ABOUT THIS EXERCISE :: What is needed is an exact transcription of the line with "Immunohistochemistry - TNFSF13" and all the lines that follow it in the entries below; add nothing else.
== Segment start ==
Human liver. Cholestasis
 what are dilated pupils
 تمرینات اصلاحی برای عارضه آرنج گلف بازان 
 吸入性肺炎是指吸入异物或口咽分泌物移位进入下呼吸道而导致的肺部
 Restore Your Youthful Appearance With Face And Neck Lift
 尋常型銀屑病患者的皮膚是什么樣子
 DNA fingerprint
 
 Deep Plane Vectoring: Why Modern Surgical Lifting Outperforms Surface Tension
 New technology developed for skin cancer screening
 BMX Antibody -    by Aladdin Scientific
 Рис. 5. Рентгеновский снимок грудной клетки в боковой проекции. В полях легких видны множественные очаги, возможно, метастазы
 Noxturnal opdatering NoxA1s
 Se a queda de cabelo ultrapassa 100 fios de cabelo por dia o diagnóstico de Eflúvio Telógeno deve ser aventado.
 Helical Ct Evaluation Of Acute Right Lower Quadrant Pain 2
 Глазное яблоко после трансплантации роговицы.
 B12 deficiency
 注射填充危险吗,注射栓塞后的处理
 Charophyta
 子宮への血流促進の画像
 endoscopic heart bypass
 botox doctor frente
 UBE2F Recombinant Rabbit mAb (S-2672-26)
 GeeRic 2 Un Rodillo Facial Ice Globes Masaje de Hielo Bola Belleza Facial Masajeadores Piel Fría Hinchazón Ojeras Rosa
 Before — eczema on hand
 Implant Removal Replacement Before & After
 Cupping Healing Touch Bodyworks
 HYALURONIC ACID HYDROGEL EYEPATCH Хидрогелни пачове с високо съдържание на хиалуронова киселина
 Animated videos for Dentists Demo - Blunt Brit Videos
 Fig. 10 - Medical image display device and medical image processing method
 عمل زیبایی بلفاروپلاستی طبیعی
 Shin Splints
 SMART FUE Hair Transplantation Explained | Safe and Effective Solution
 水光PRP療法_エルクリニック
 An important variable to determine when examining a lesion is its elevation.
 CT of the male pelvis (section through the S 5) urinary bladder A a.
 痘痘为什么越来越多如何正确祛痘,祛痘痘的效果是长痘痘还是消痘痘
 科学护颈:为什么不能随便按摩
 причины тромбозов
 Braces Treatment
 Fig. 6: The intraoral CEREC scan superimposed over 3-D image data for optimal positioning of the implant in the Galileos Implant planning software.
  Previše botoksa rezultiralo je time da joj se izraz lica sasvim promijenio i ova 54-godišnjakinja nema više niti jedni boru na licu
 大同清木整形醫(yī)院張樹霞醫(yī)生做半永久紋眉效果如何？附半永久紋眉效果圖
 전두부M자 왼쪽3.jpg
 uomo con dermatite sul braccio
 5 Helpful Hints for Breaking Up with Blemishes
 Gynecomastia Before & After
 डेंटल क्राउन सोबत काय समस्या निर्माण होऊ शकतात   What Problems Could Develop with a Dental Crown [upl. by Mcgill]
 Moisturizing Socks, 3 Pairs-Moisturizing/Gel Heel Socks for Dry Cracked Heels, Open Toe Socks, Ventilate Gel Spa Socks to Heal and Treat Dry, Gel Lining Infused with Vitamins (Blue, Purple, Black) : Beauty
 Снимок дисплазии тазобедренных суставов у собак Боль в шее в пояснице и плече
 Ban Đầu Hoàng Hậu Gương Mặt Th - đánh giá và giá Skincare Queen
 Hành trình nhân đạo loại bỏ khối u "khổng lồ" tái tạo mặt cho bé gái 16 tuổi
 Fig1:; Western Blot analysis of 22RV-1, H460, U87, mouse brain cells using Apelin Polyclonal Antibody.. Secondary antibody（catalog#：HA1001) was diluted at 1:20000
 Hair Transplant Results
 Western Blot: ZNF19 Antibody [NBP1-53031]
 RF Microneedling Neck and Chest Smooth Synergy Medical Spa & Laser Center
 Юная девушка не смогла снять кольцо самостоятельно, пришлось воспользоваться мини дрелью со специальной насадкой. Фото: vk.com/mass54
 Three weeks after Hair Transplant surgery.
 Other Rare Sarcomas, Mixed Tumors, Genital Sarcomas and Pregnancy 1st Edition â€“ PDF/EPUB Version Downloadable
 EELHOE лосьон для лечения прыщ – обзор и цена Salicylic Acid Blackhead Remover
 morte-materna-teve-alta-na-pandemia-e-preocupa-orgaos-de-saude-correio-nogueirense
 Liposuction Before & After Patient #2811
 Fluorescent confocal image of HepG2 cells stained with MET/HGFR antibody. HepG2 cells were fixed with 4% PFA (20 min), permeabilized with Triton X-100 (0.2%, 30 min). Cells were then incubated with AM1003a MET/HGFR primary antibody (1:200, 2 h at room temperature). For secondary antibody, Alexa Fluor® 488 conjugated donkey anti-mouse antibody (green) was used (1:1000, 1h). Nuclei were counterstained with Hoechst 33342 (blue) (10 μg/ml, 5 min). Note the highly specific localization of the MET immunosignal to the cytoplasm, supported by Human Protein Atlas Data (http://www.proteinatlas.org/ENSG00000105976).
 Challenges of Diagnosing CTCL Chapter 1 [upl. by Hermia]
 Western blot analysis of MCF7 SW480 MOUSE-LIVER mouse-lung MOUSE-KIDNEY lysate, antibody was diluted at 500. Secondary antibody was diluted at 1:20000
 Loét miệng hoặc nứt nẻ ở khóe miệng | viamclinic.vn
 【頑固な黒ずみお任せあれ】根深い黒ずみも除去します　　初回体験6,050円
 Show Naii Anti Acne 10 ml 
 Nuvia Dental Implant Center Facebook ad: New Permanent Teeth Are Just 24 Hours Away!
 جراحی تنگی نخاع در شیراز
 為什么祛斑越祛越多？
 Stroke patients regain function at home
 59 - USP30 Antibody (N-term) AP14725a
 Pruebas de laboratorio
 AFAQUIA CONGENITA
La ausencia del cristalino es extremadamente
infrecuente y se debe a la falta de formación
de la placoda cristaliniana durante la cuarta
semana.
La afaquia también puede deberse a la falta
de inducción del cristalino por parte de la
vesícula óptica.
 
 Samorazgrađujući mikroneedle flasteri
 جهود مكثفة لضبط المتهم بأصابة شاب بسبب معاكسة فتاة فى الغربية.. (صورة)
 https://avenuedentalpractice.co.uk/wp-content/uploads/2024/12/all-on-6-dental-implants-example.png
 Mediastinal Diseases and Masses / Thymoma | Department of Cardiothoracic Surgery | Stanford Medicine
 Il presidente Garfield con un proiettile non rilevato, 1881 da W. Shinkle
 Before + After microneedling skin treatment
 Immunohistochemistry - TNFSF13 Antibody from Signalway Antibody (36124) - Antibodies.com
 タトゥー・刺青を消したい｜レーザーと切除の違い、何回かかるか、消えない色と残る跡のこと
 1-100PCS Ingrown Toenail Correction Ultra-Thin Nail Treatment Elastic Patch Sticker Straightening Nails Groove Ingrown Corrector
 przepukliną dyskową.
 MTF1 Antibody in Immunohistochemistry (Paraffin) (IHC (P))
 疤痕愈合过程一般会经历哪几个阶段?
== Segment end ==
RESPONSE AREA ::
 Immunohistochemistry - TNFSF13 Antibody from Signalway Antibody (36124) - Antibodies.com
 タトゥー・刺青を消したい｜レーザーと切除の違い、何回かかるか、消えない色と残る跡のこと
 1-100PCS Ingrown Toenail Correction Ultra-Thin Nail Treatment Elastic Patch Sticker Straightening Nails Groove Ingrown Corrector
 przepukliną dyskową.
 MTF1 Antibody in Immunohistochemistry (Paraffin) (IHC (P))
 疤痕愈合过程一般会经历哪几个阶段?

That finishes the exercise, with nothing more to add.